STUDY MATERIAL>
• • •

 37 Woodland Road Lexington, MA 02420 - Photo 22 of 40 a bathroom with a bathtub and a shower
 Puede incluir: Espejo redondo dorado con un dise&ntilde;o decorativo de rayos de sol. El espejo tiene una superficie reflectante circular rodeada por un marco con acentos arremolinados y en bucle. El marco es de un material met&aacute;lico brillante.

• • •

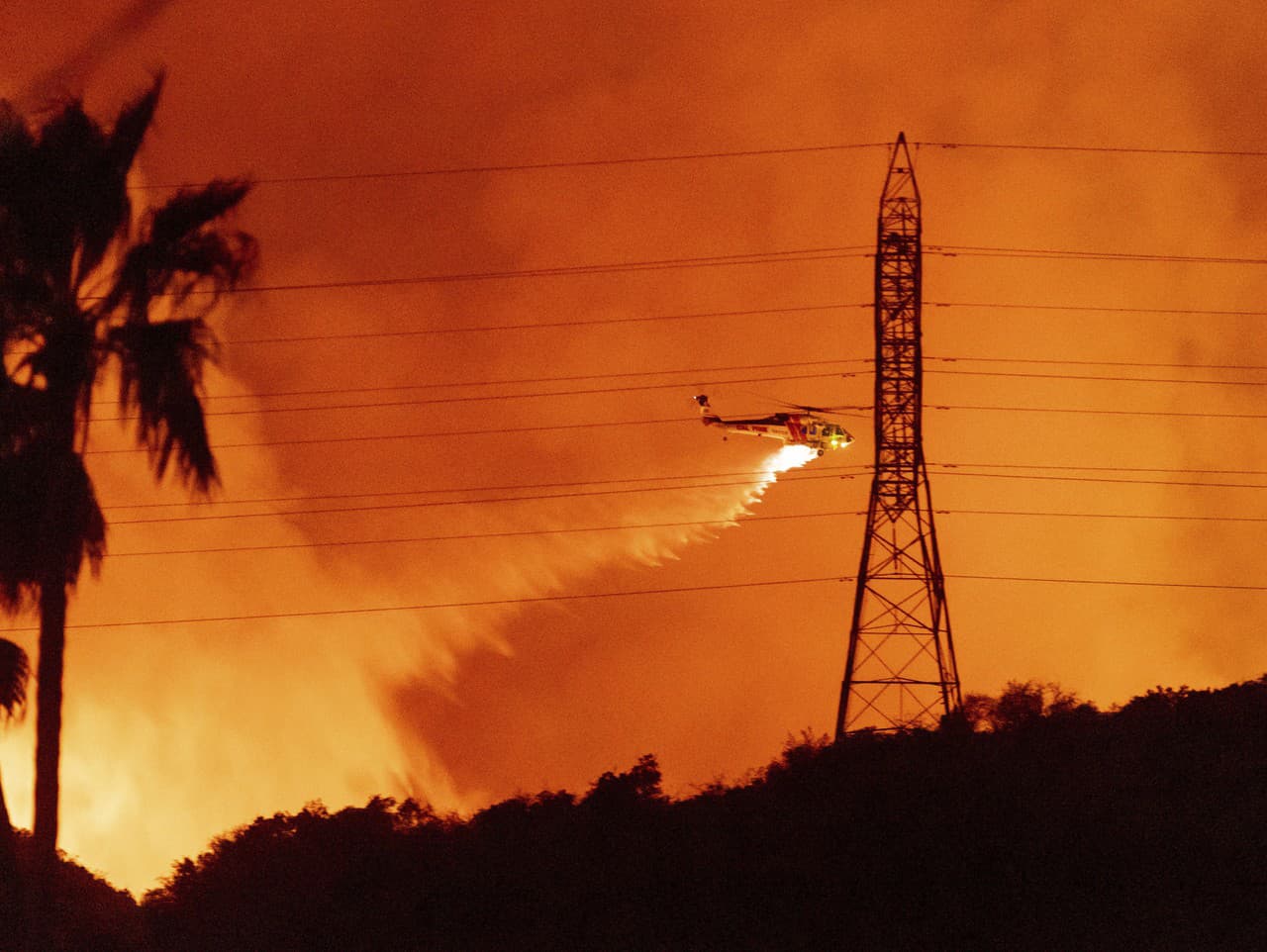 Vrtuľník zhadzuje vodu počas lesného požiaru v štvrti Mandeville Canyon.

• • •

YOUR GOAL>
Repeat exactly the lines above from the one with "37 Woodland Road" up to and including the one with "Puede incluir: Espejo". No other line belongs in the reply.

TASK OUTPUT>
 37 Woodland Road Lexington, MA 02420 - Photo 22 of 40 a bathroom with a bathtub and a shower
 Puede incluir: Espejo redondo dorado con un dise&ntilde;o decorativo de rayos de sol. El espejo tiene una superficie reflectante circular rodeada por un marco con acentos arremolinados y en bucle. El marco es de un material met&aacute;lico brillante.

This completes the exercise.